» Task to complete: Every entry below is to be copied word for word, with its pictures removed.

» Extracted information:
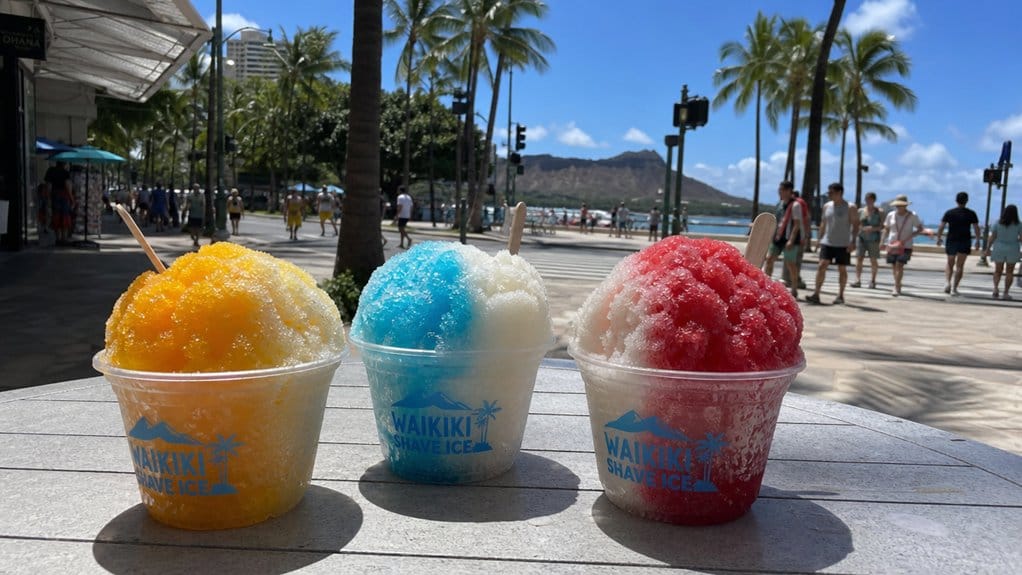 Best Shave Ice in Waikiki: Quick Spots and the Best Combos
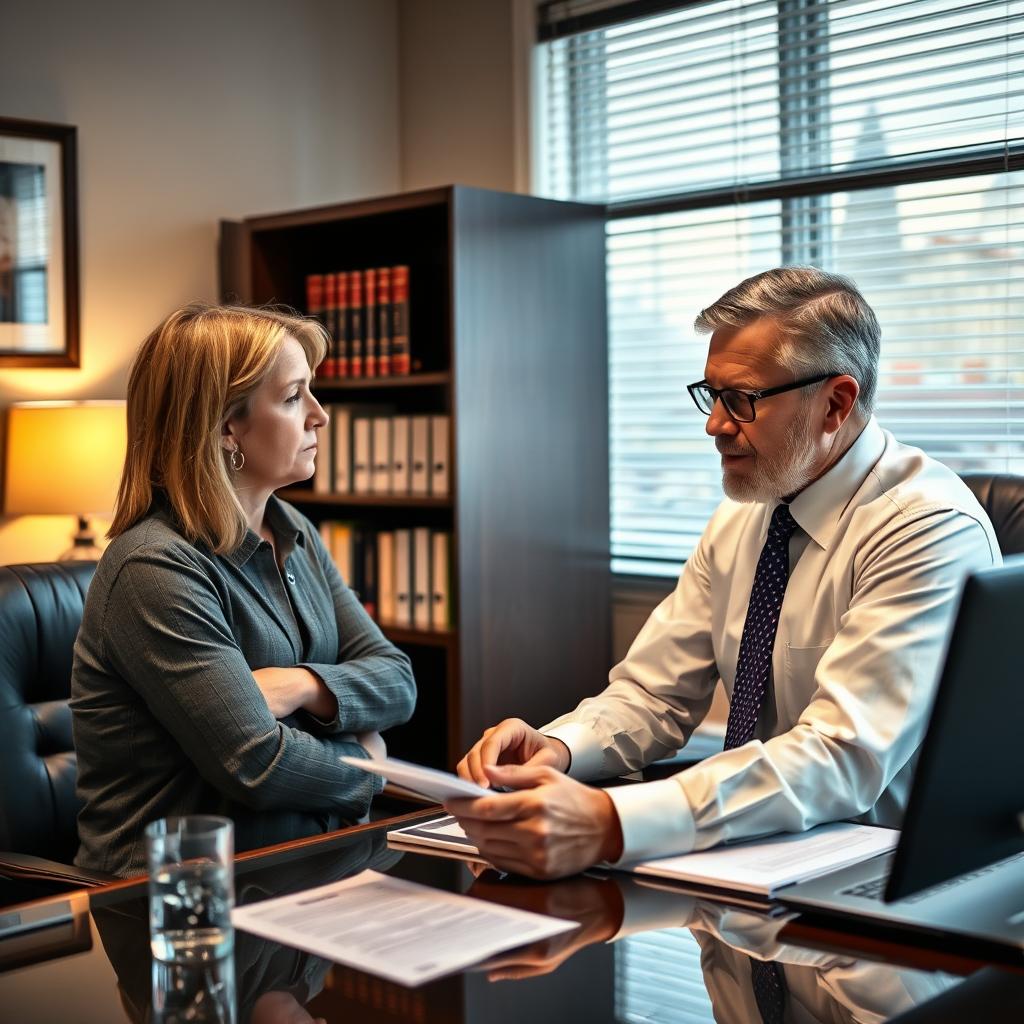 Motorcycle Accident Lawyer Howard County, MD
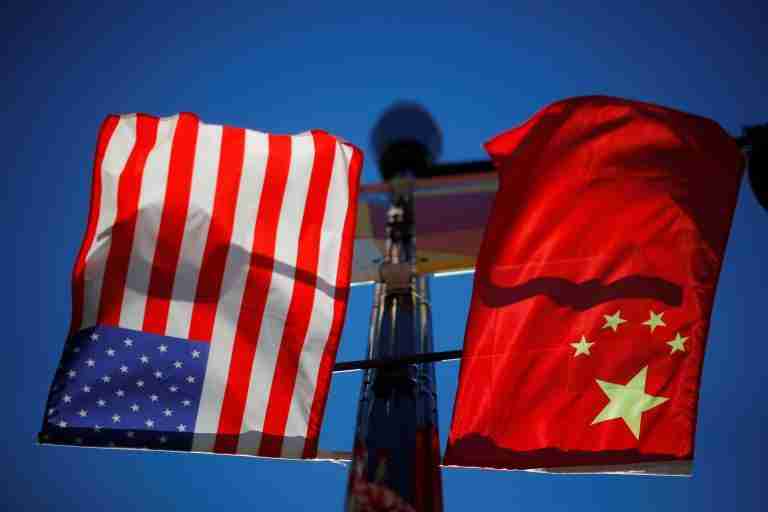 US intelligence agency warns China is trying to recruit government employees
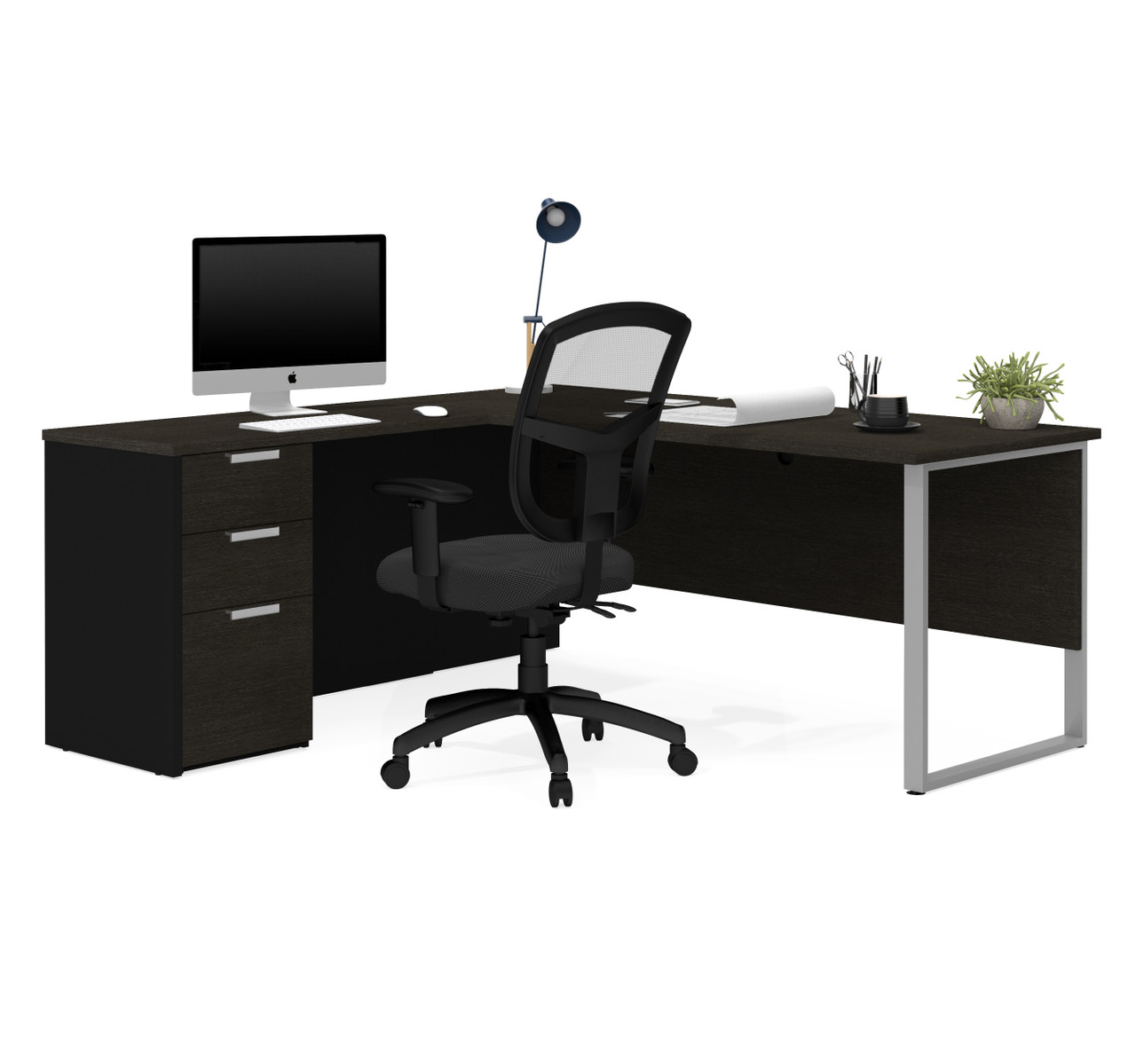 Bestar Pro Concept Plus Desk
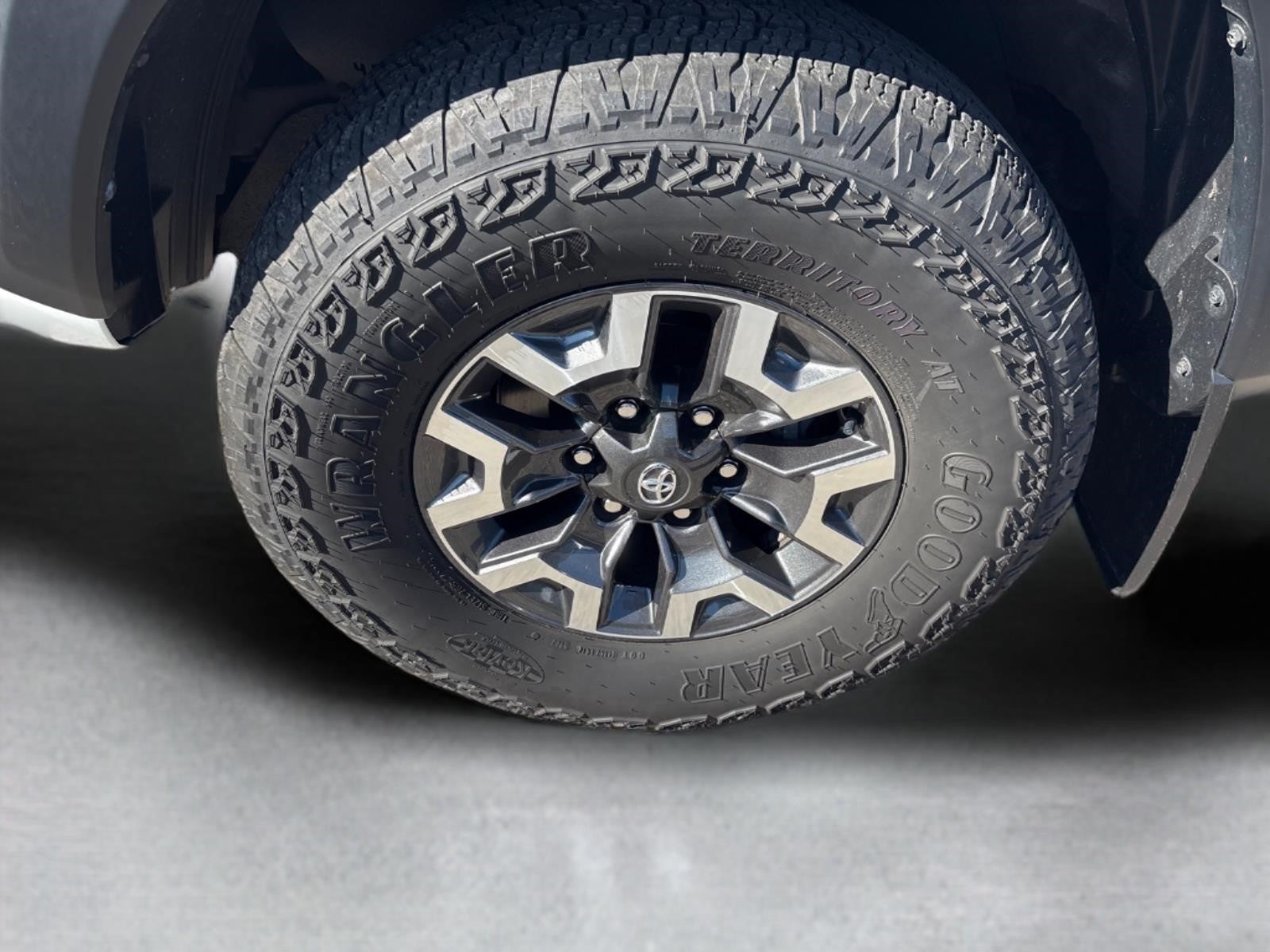 2023 Toyota Tacoma TRD Off-Road
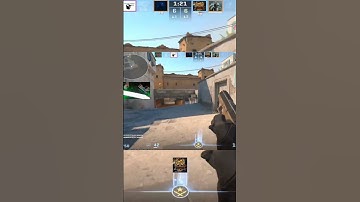 Another ace for me 👌 #cs2 #shorts #counterstrike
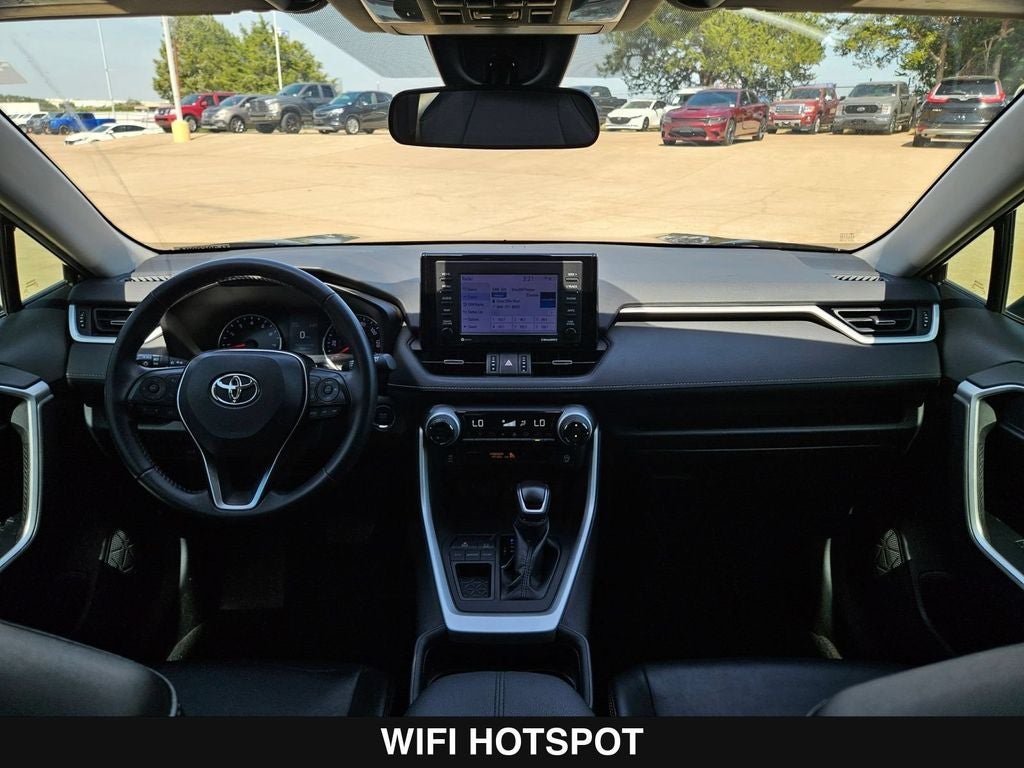 2020 Toyota RAV4 XLE Premium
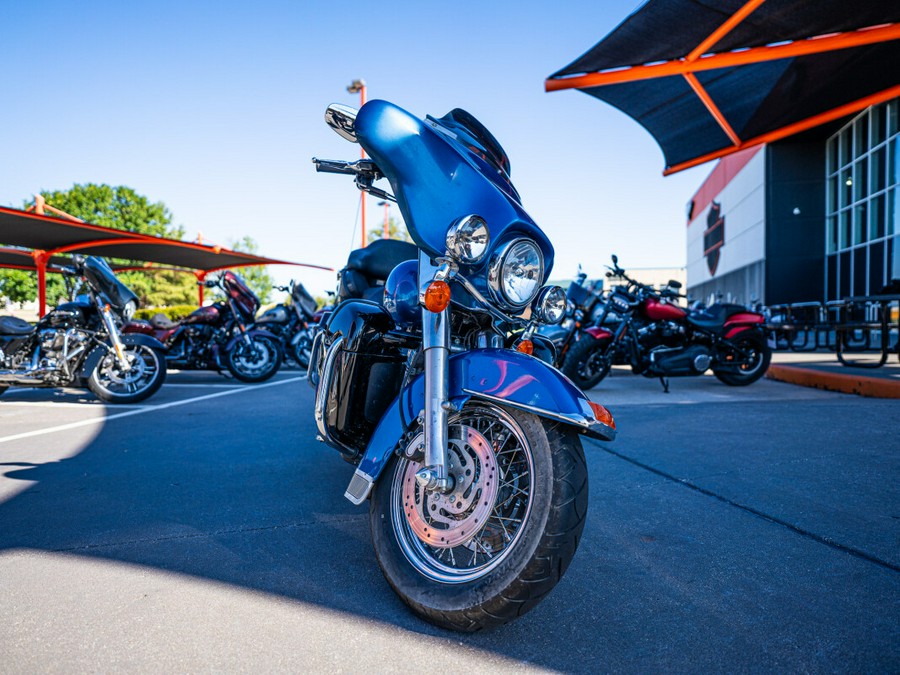 2005 Electra Glide Standard FLHTI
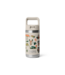 Rambler 12 oz Kids Water Bottle Cape Summer Camp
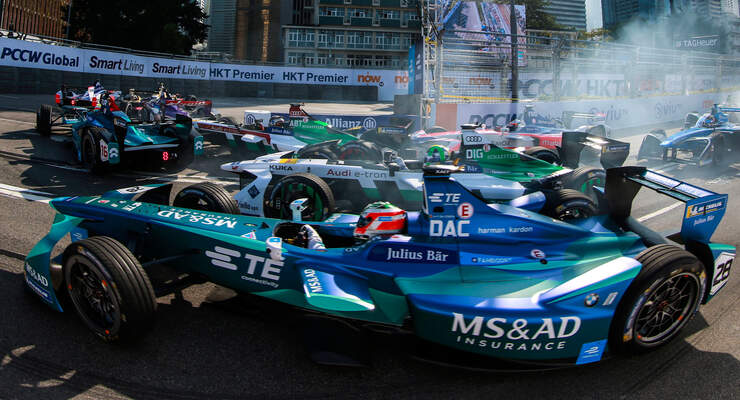 Formel E - Hongkong 2017 - eprix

» Task result:
 Best Shave Ice in Waikiki: Quick Spots and the Best Combos
 Motorcycle Accident Lawyer Howard County, MD
 US intelligence agency warns China is trying to recruit government employees
 Bestar Pro Concept Plus Desk
 2023 Toyota Tacoma TRD Off-Road
 Another ace for me 👌 #cs2 #shorts #counterstrike
 2020 Toyota RAV4 XLE Premium
 2005 Electra Glide Standard FLHTI
 Rambler 12 oz Kids Water Bottle Cape Summer Camp
 Formel E - Hongkong 2017 - eprix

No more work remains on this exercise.